R v Kenneth James Noye

JurisdictionEngland & Wales
CourtCourt of Appeal (Criminal Division)
Judgment Date22 March 2011
Neutral Citation[2011] EWCA Crim 650
Docket NumberCase No: 2010/05650/D5
Date22 March 2011

[2011] EWCA Crim 650




Before: the Lord Chief Justice of England and Wales

Mr Justice Henriques and

Mr Justice Davis

Lord Justice Latham

Case No: 2010/05650/D5

Kenneth Noye
Reference by the Criminal Cases Review Commission

Miss Clare Montgomery QC and Mr Julian Knowles for the Appellant

Mr Mark Ellison QC and Mr Peter Grieves-Smith for the Respondent

Hearing dates: 9 th March 2011

The Lord Chief Justice of England and Wales:


On 14 April 2000 Kenneth Noye (the appellant) was convicted at the Central Criminal Court before Lord Justice Latham and a jury of the murder of Stephen Cameron on 19 th May 1996. He was sentenced to life imprisonment. His appeal against conviction was dismissed on 10 th October 2001.


On 13 th October 2010 the Criminal Cases Review Commission decided to refer the conviction to this court on two grounds:

a) New evidence that is capable of significantly undermining the credibility of a prosecution expert, Dr Heath, and the evidence he gave at trial.

b) New evidence that there was bruising to Mr Cameron's knuckles and new evidence that he would not necessarily have sustained bruising to his knuckles.

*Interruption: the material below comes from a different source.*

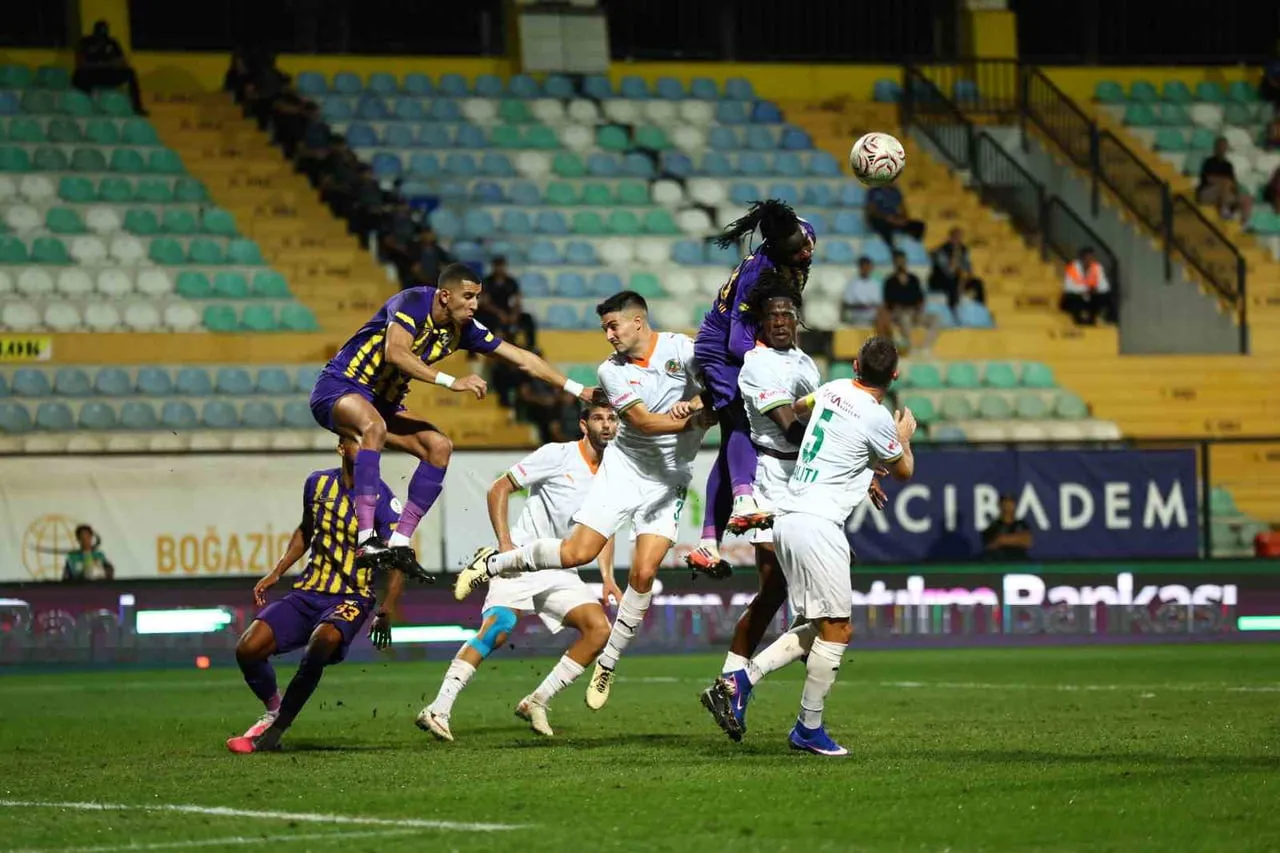 TRENDYOL SÜPER LİG’İN 3. HAFTASINDA EYÜPSPOR, SAHASINDA KARŞILAŞTIĞI CORENDON ALANYASPOR'U 2-1...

We must put these grounds into their factual context. This is a notorious case. At lunchtime on 19 th May 1996 on a roundabout at the M25/A20 interchange near Swanley in Kent Stephen Cameron was a passenger in a red Bedford van being driven by his girlfriend Danielle Cable. He was 21 years old, and she was 17. The appellant was driving on his own in a blue Land Rover Discovery. Just before traffic lights on the interchange the Discovery overtook the Bedford van and stopped in front of it. The appellant got out of his vehicle and walked back towards the Bedford van.

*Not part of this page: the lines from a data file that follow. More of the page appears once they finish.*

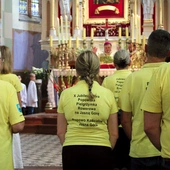 Pątników pobłogosławił na drogę bp Krzysztof Nykiel, regens Penitencjarii Apostolskiej, który 3 sierpnia przewodniczył uroczystościom w popowskim sanktuarium.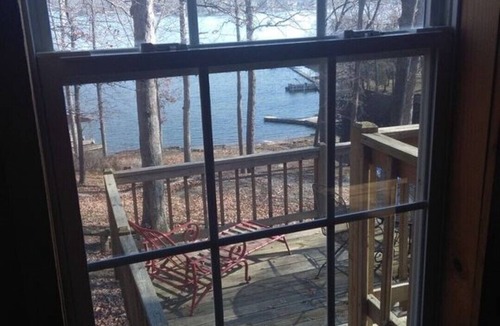 Goreville House | Beautiful Log Cabin In Lake of Egypt with a Dock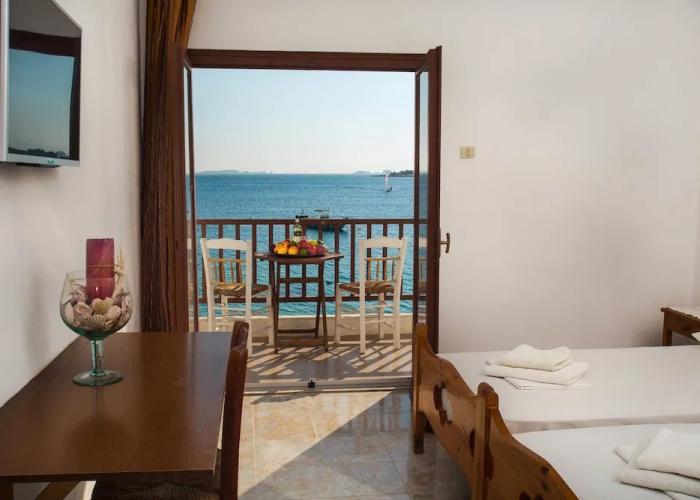 Petalides Apartments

A fight took place between the two men. There were numerous witnesses, all of whom saw different parts of the fight from different angles and distances. Unsurprisingly they described the incident which they witnessed in their own different ways. Miss Clare Montgomery QC on behalf of the appellant drew attention in her written submissions, and then orally, to parts of the evidence which supported the appellant's case. We have considered them all, and done so by studying the transcripts of the evidence given at trial. However no fresh material arising from the eye witness evidence has been drawn to our attention, although we have had to consider an issue relating to one witness, Decabral, which was addressed by the Court of Appeal in October 2001.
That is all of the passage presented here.